▶ _Assignment_
Once the line holding "8506 Cold Lake" is found in the entries below, transcribe exactly every line up to and including the one holding "En Venta Parcela con Casa en San Rafael.", but leave out the pictures.

▶ _Records for this exercise_

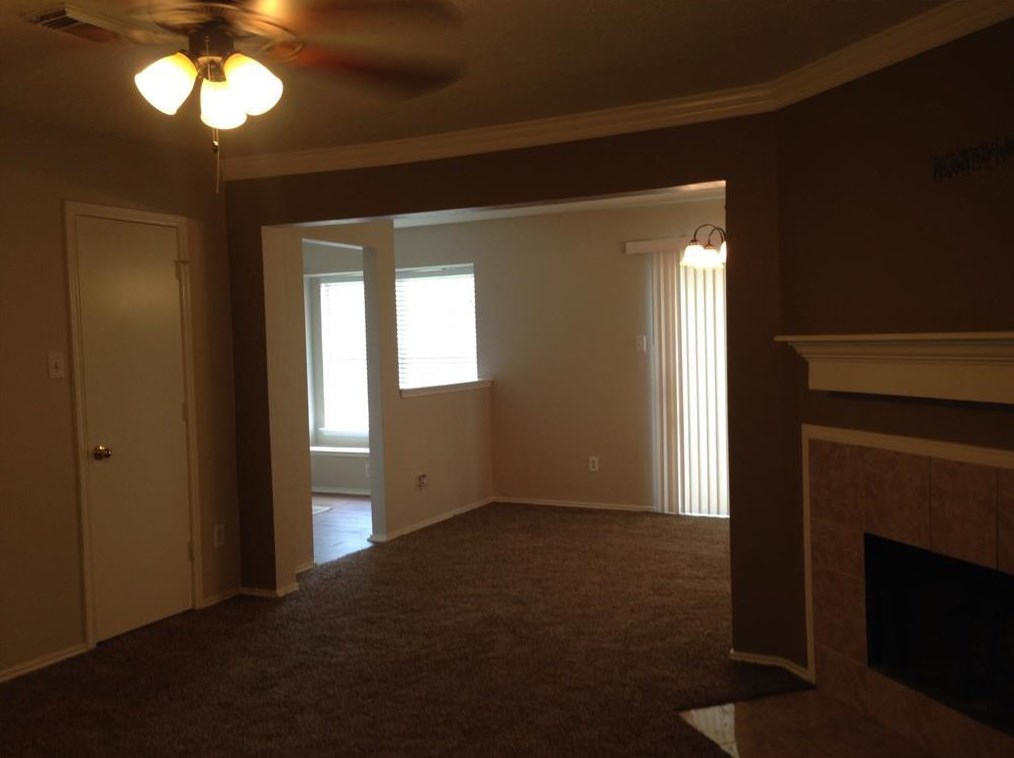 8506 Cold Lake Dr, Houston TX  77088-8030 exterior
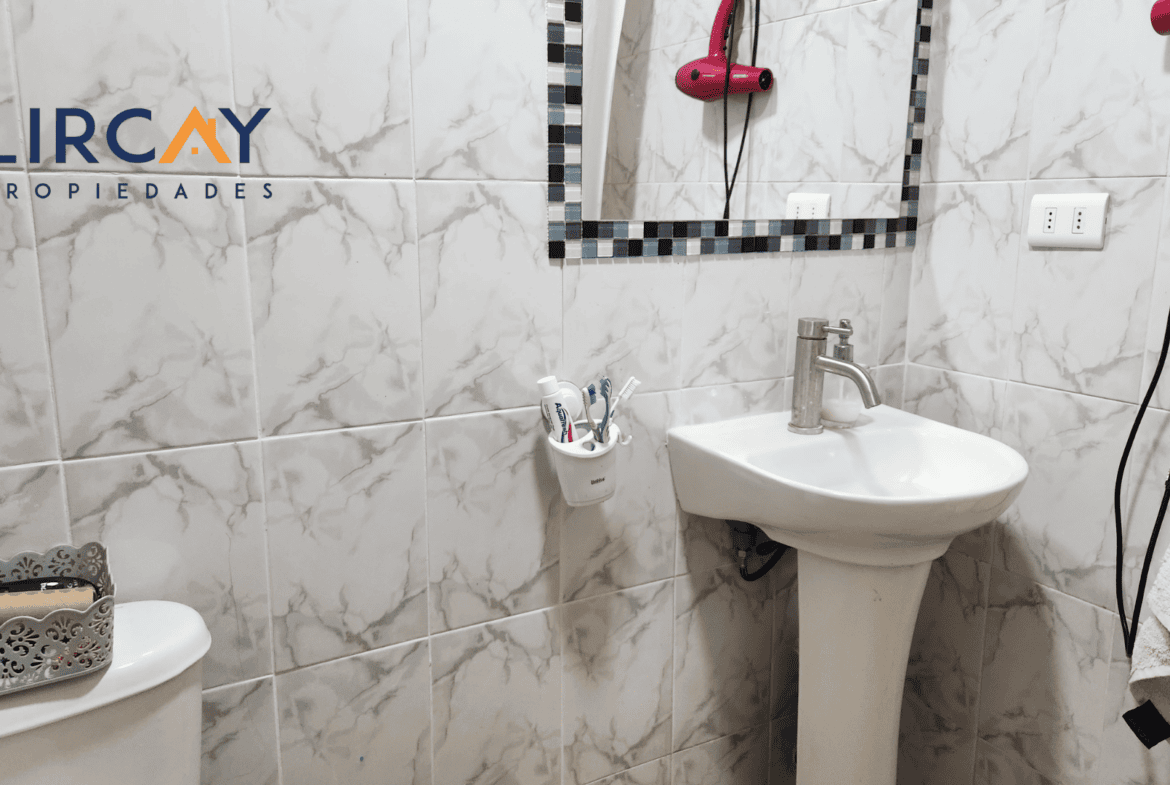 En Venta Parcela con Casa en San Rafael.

---

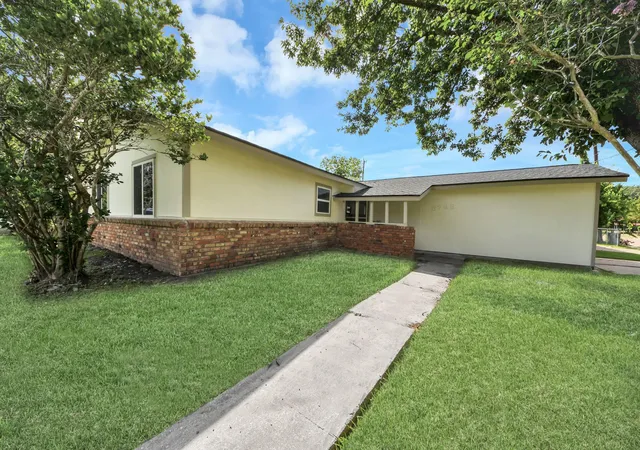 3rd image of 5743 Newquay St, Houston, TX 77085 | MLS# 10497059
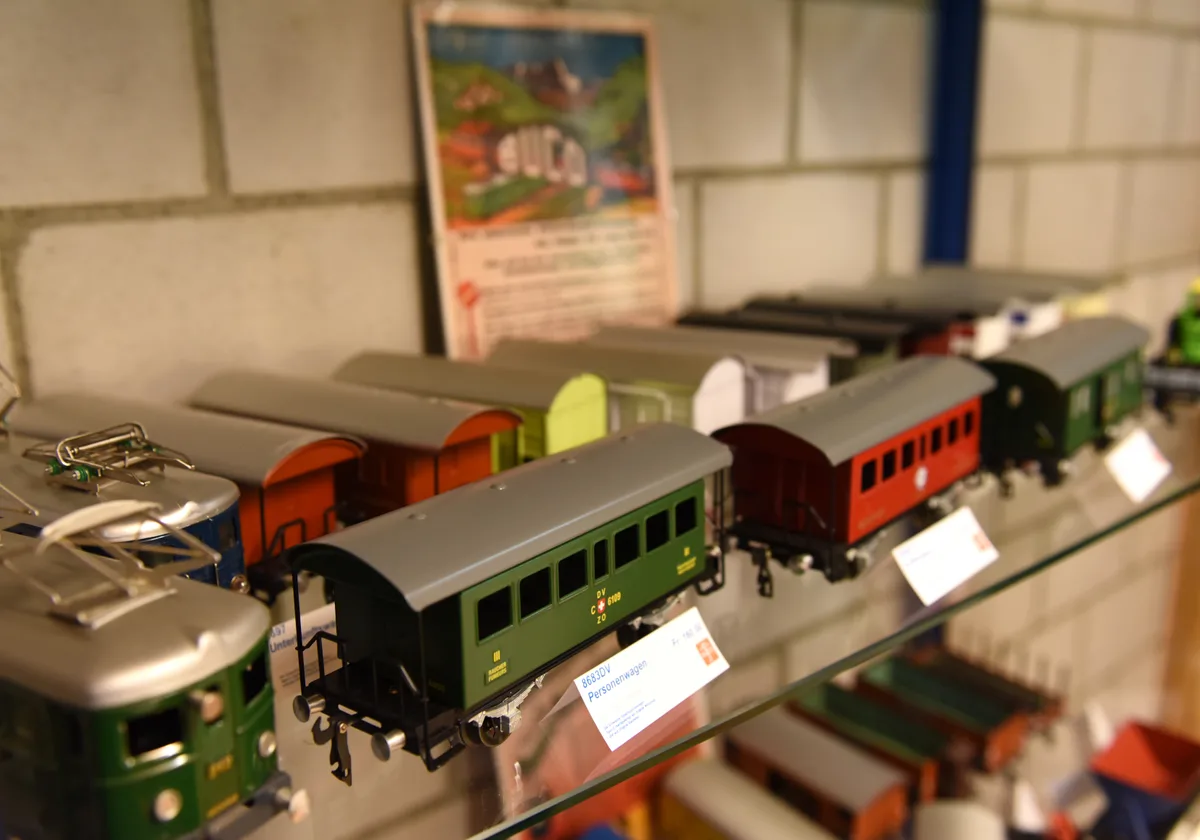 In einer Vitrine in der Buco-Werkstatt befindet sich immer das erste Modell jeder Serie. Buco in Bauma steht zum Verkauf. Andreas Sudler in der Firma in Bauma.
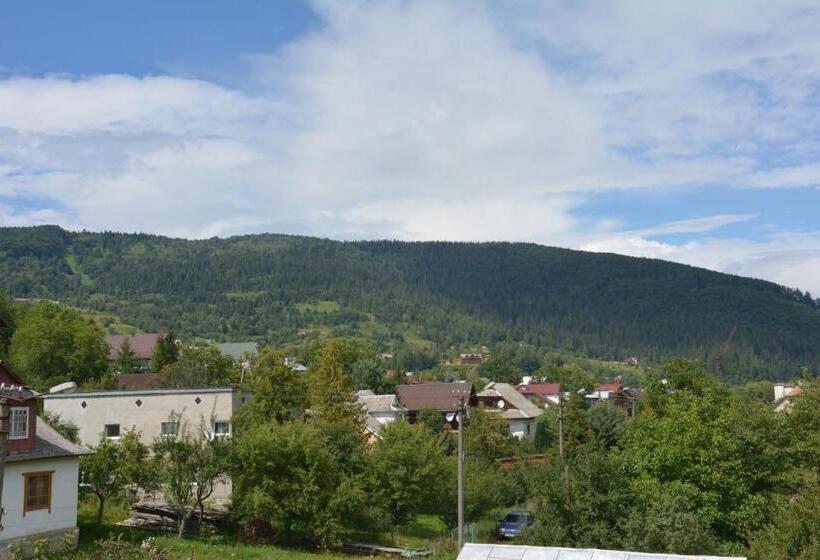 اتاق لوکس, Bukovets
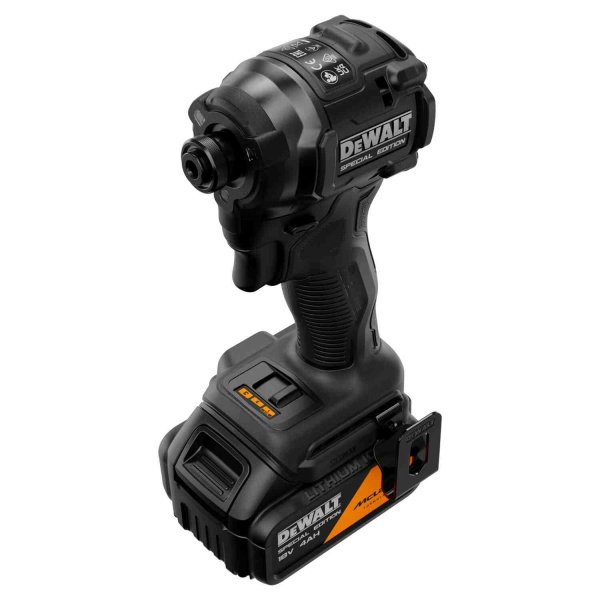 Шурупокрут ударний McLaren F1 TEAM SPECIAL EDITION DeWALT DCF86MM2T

▶ _Result_
 8506 Cold Lake Dr, Houston TX  77088-8030 exterior
 En Venta Parcela con Casa en San Rafael.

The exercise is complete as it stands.